Gazeteci Miyase İlknur’a “iftira”dan hapis cezası: Basın özgürlüğü baskı altında

Anayasa Mahkemesi üyesi İrfan Fidan ve Yargıtay üyesi Ayhan Ayan’ın şikâyetiyle, “Man Adası davası ayan beyan” başlıklı haber nedeniyle yargılanan gazeteci Miyase İlknur’a “iftira” suçundan 10 ay hapis cezası verildi. Mahkeme, “hakaret” suçlamasından ise beraat kararı verdi.

Cumhuriyet gazetesi köşe yazarı Miyase İlknur ile internet sitesinin Sorumlu Müdürü Birol Gülger’in yargılanmasına İstanbul 2. Asliye Ceza Mahkemesi’nde devam edildi. Duruşmada, gazetecilerin katılmadığı, avukatlarının hazır bulunduğu görüldü.

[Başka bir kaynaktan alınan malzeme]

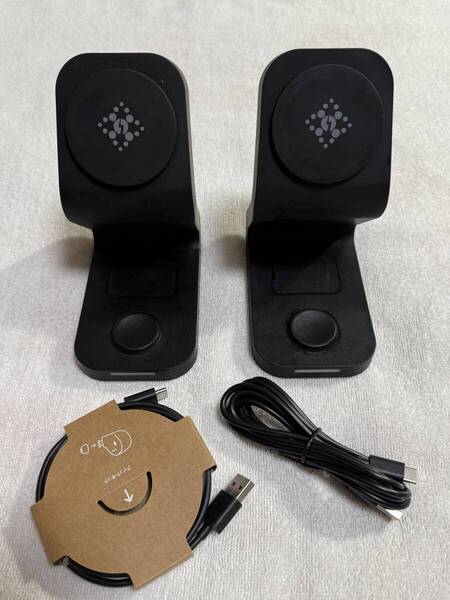 ☆magsafe対応 ワイヤレス充電器 3-in-1 iPhone/Apple Watch/Airpodsなど 2個セット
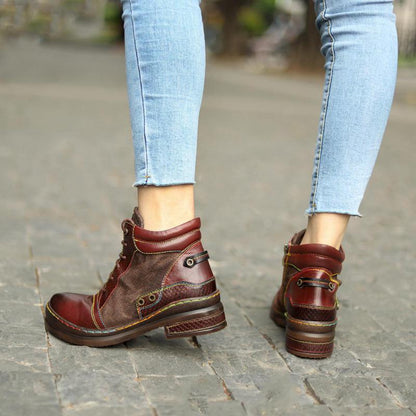 Vanguard Boots Genuine Leather Retro Shoes Women Boots Zip Round Toe Mixed Colors Sewing New Handmade Concise Platform Boots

MLSA’da yer alan habere göre,  savcı, 21 Mart 2023 tarihindeki üçüncü duruşmada açıkladığı esas hakkındaki görüşünü tekrar etti. Savcı, İlknur’un “iftira” suçundan cezalandırılmasını talep etti. İlknur’un avukatı Damla Çaltepe ise müvekkilinin kendisine ulaşan haber kaynağı üzerine, iddia şeklinde konuyu haberleştirdiğini, haberin basın ve ifade özgürlüğü kapsamında değerlendirilmesi gerektiğini belirterek, beraat talebinde bulundu.

Mahkeme, gazeteci Mustafa Birol Güger’in, İrfan Fidan ve Ayhan Ayan’a yönelik “hakaret” ve “iftira” suçundan yüklenen fiilin kanunda suç olarak tanımlanmamış olması gerekçesiyle, beraatına karar verdi. Miyase İlknur hakkında da aynı gerekçeyle “hakaret” suçlamasından beraat kararı veren mahkeme, Ayan ve Fidan’a yönelik “iftira” suçundan ayrı ayrı 10’ar ay hapis cezası verdi. Her iki ceza için de hükmün açıklanması geri bırakıldı.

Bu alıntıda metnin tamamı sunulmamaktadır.